**What to work on:** Copy, word for word, the lines of the entries below between the one with "pê đan xe đạp trẻ em pedal xe đạp trục 12mm" and the one with "Simpson Electrical AC", inclusive, and leave out everything else.

**Supplied data:**
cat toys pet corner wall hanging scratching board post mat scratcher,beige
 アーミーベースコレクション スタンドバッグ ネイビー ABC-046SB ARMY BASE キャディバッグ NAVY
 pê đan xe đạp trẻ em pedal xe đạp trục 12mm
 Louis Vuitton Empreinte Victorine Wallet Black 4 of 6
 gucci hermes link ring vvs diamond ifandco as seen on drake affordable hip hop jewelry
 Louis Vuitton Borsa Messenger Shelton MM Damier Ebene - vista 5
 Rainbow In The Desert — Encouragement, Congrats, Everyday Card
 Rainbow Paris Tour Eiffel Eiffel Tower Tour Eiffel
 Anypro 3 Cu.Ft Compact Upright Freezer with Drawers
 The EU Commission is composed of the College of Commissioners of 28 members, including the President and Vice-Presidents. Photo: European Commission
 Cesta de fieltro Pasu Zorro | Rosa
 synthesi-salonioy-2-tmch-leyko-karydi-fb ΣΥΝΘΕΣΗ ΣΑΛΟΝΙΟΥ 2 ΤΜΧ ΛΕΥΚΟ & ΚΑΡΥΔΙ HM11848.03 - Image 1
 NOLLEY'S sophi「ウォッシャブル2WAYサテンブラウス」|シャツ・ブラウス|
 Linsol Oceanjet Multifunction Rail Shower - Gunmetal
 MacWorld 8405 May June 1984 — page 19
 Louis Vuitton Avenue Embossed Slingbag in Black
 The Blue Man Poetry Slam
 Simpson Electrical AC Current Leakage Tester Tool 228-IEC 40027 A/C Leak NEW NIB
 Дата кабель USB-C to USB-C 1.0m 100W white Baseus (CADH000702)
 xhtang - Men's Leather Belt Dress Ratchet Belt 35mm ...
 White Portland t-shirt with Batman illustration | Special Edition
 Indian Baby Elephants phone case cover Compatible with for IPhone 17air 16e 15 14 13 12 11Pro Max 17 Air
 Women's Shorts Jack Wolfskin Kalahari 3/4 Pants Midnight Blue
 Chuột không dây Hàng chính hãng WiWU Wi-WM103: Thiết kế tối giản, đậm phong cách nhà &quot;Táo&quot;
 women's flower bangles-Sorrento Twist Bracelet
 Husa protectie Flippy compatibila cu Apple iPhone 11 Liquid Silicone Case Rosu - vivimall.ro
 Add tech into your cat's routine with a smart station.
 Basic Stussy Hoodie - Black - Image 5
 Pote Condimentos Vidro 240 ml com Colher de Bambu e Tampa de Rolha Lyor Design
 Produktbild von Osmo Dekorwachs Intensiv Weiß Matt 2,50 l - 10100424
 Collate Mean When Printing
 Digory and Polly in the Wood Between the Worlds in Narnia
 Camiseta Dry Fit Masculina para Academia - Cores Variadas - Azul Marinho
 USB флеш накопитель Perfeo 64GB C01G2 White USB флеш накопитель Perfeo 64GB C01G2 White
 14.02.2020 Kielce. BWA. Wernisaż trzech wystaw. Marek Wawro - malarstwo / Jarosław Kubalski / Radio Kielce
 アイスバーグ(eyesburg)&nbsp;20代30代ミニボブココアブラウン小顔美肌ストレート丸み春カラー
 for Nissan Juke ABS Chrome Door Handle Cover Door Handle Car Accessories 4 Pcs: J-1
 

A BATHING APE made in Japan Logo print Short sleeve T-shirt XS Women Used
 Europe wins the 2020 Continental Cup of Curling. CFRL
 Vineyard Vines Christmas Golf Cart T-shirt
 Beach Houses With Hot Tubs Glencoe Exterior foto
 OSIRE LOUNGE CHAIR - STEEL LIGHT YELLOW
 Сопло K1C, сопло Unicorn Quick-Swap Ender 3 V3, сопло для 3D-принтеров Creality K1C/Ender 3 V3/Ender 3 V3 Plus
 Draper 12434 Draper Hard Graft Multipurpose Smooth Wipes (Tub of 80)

**Finished task:**
 pê đan xe đạp trẻ em pedal xe đạp trục 12mm
 Louis Vuitton Empreinte Victorine Wallet Black 4 of 6
 gucci hermes link ring vvs diamond ifandco as seen on drake affordable hip hop jewelry
 Louis Vuitton Borsa Messenger Shelton MM Damier Ebene - vista 5
 Rainbow In The Desert — Encouragement, Congrats, Everyday Card
 Rainbow Paris Tour Eiffel Eiffel Tower Tour Eiffel
 Anypro 3 Cu.Ft Compact Upright Freezer with Drawers
 The EU Commission is composed of the College of Commissioners of 28 members, including the President and Vice-Presidents. Photo: European Commission
 Cesta de fieltro Pasu Zorro | Rosa
 synthesi-salonioy-2-tmch-leyko-karydi-fb ΣΥΝΘΕΣΗ ΣΑΛΟΝΙΟΥ 2 ΤΜΧ ΛΕΥΚΟ & ΚΑΡΥΔΙ HM11848.03 - Image 1
 NOLLEY'S sophi「ウォッシャブル2WAYサテンブラウス」|シャツ・ブラウス|
 Linsol Oceanjet Multifunction Rail Shower - Gunmetal
 MacWorld 8405 May June 1984 — page 19
 Louis Vuitton Avenue Embossed Slingbag in Black
 The Blue Man Poetry Slam
 Simpson Electrical AC Current Leakage Tester Tool 228-IEC 40027 A/C Leak NEW NIB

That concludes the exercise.